Sunday 19 Aug 2018 | 17:12 | SYDNEY
Sunday 19 Aug 2018 | 17:12 | SYDNEY

Droning on

This post is part of the Remote-control warfare debate thread. To read other posts in this debate, click here.

5 May 2010 11:06

This post is part of the Remote-control warfare debate thread. To read other posts in this debate, click here.

James Brown has worked as an Australian Defence Force officer and completed his Masters in Strategic Studies in 2009. These are his personal views.

The recent posts on the use of predator drones draw out three key issues. Firstly, are they legal or ethical? Secondly, are they effective? Finally, and quite bizarrely, is fighting with drones manly, courageous, or honourable?

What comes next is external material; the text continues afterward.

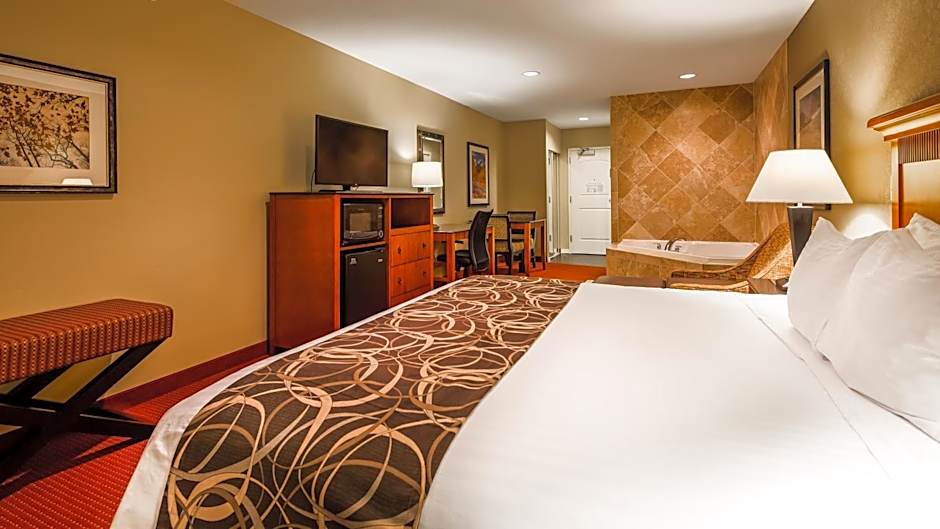 Best Western Plus Canyon Pines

Let me consider the last point first. Christina Enemark mentioned that 'the use of drones potentially challenges traditional notions of honour, courage and masculinity'. In the considerable time I’ve spent talking to drone jockeys and targeteers none of those concepts have been important factors in how they do their job. Those operators are happy to leave pontificating on masculinity to poets, philosophers, and singer-songwriters. Drone pilots derive the same professional satisfaction from making tough decisions under demanding circumstances as any other professional. They don’t drive home through the Nevada desert feeling that they haven’t done their bit in the war.

The legality of drone strikes is a more intriguing question. Enemark quotes The UN Special Rapporteur on Extrajudicial Executions who states that 'Predators are being operated in a framework which may well violate international humanitarian law and international human rights law' — a conclusion Philip Alston came to after a total of 11 days on the ground in Afghanistan in 2008. Alston’s report draws heavily from this ICRC report, which itself is based on outdated international humanitarian law framed with a WW2-like battlefield in mind.

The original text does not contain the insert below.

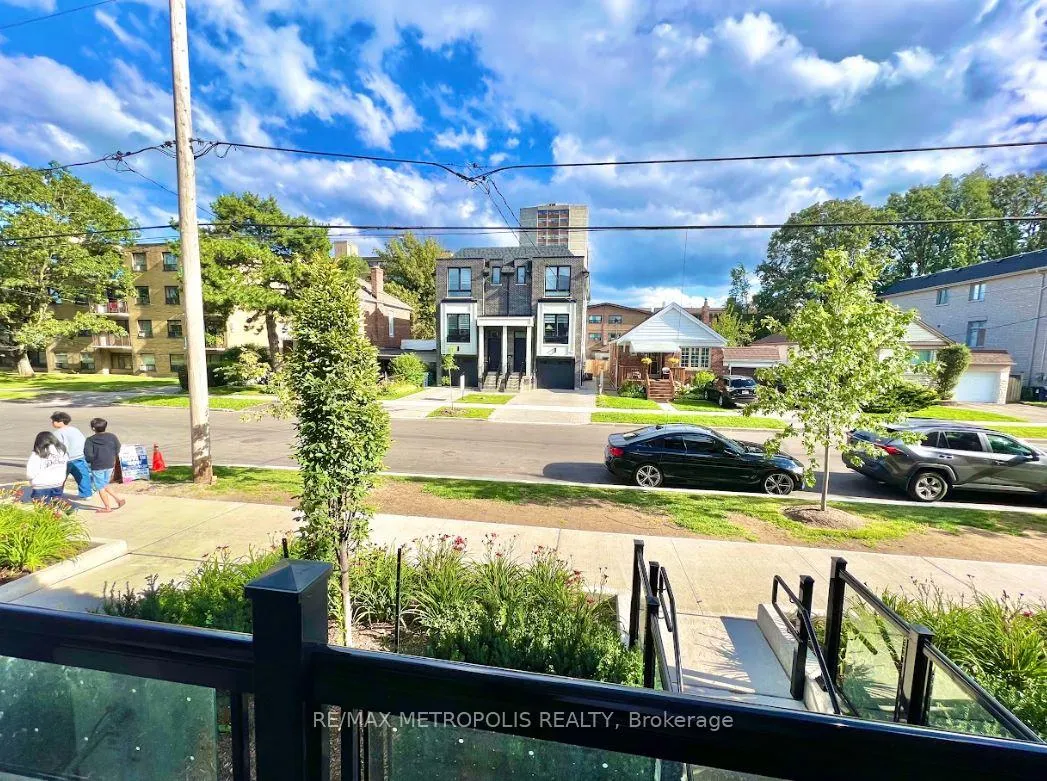 Photo 9 of Unit 3, 8 Marquette Avenue, Toronto, Englemount-Lawrence — HOMEH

The test of whether someone is a targetable combatant is whether they are directly participating in hostilities. State Department legal expert Harold Koh mentions here the robust processes which determine who will be targeted for drone strikes. Coalition targeting approval processes in Afghanistan are extremely rigid, with multiple levels of internal military and external civilian oversight —including now the Afghan government. The problem in understanding these processes is that Jack Bauer and other TV heroes have conditioned us to expect that drone strikes occur instantaneously and easily. This is far from the truth. Like all other aspects of war, drone operations require plenty of detailed planning, patience, and a degree of good luck.

Philip Alston’s problem with drone operations seems to be less that the US doesn’t have robust targeting processes, and more that he doesn’t have access to them. Nor should he. Professor Alston is an expert in many things but sensitive intelligence source handling is not one of them. If Alston wants to understand how drone targets are selected, he should join the military or run for political office.

Enemark notes arguments that suggest drone strikes are ineffective because they create a siege mentality amongst Pakistani citizens, lack a concurrent information campaign, and ultimately only temporarily reduce insurgent leadership capacity. I wholeheartedly agree on the second point. I’d argue though that the siege mentality in Pakistan comes more from constant insurgent attacks in Pakistan’s towns and cities than from drone strikes in sparsely populated and inaccessible areas in the North West provinces. The suggestion that drone strikes provide little disruption to enemy operations is misguided. Drone strikes and surveillance place constant pressure on insurgent networks — forcing them into extremely complex procedures to carry out their everyday business. When drone strikes decapitate terrorist and insurgent leadership figures, the disruption to enemy networks buys space and time for conventional military operations inside Afghanistan.

Decisions on the use of drone strikes don’t occur in a vacuum. They are made by professionals acutely sensitive to the issue of civilian casualties. They are also made with an excruciatingly aware consideration of the military alternatives. Ethical and legal debates over the use of remotely piloted drones are important, but shouldn’t neglect a consideration of the practical alternative military courses of action. Nor should they fail to consider the consequences if the military didn’t act at all.